His efforts paid off in 1970 when we has elevated to a post at 60 Minutes, a TV news magazine still in its infancy. He rewarded CBS in turn by executing, in partnership with Mike Wallace, bait-and-switch sensationalist tele-journalism to perfection in an era where news was often delivered with stale and unimaginative grandfatherly paternalism. 60 minutes rose from the ratings basement, and begun an unprecedented quarter-century run as a top ten show, often holding the number one spot. The show’s relevance declined starting in the 1990s as the number of news options exploded with the popularity of cable television, and then the advent of the Internet, both mediums which liberally copied the style of 60 Minutes, if not the substance.
It is not an exaggeration to say that Safer’s life was iconic. This was no accident–he was a smart and savvy journalist with an impeccable sense of timing and understanding of the attitudes of the public. But his ability to perceive cognitive dissonance by politicians and government institutions and to subsequently exploit it with painfully embarrassing exposes is what cemented his career and place among the media intelligentsia.
Often gaining the trust of a variety of officials, foreign and domestic, through empty promises and outright deception, he gleefully betrayed such trust over and over again on national TV. Starting in 1965 with an embedded assignment with the U.S. Marines in 1965 at Cam Ne that viscerally exposed civilian collateral damage in US combat operations and became a propaganda coup for the Viet Cong and the North Vietnamese, Safer wrapped himself with a stateless flag and declared himself above the issues of national politics. In fact he doubled down on that narrative, gaining dual citizenship of both Canada and the United States in order to grease his movements around the globe, but still continuing to take delight in poking fun at both governments.
In truth, Safer was the king of yellow journalism, a sobriquet that disturbed him not in the least. This was well and good when dealing with crooked politicians and greedy corporate executives. But Safer wasn’t satisfied in knocking down institutions and individuals a peg when they needed it.

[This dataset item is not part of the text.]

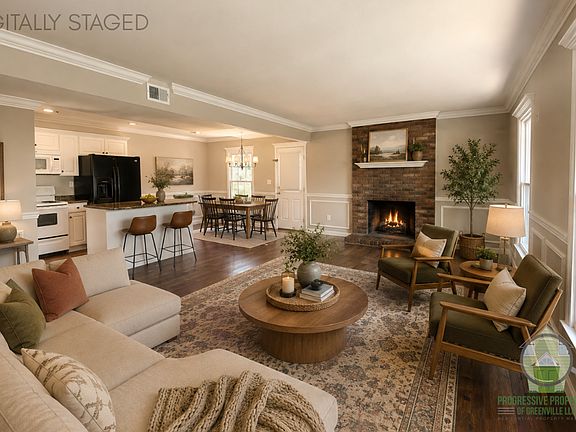 3rd image of 105 Osmond Dr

He preferred to dynamite the foundations of the countries that called him citizen, and while the rest of us hung onto for dear life hoping that their country would survive the scandals and betrayals, Safer cashed in on his antics with big compensation packages from grateful CBS executives that bathed in the glow from Safer’s Nielson ratings. It was the cash he needed to support his jaunts to Rome to nurture his painting hobby, cash he needed to buy expensive sports cars, cash he needed to the sustain the bourgeois lifestyle he publicly despised in others.
Safer resisted caricature. He often reported on subjects not in the regular mainstream, such as art and cuisine, with the same wit and insightfulness of the outsider observing the idiosyncrasies of the insider as he did in taking down the rich and powerful. His talents were recognized over and over again with coveted journalism awards, and he often earned grudging respect from his enemies. And enemies he had aplenty, in low places and high. Not all were his admirers–the U.S. military treated him with the utter contempt it reserved for traitors and the aiders-and-abettors of the enemy for the rest of his life after the Cam Ne report.
Safer died as he lived–controlling the narrative. There were no exposes of a grandfatherly journalist once powerful but now in meek decline, no undignified deathbed interviews absent his usually smirking visage, and no power struggle forcing him out of CBS News as younger talent battled to take on his responsibilities. Instead he quietly passed away at age 84, with the thunderous applause of his peers still echoing outside. He was a man without a country, but unlike Edward Everett Hale’s Lt. Phillip Nolan, closed his eyes without consequence or regrets.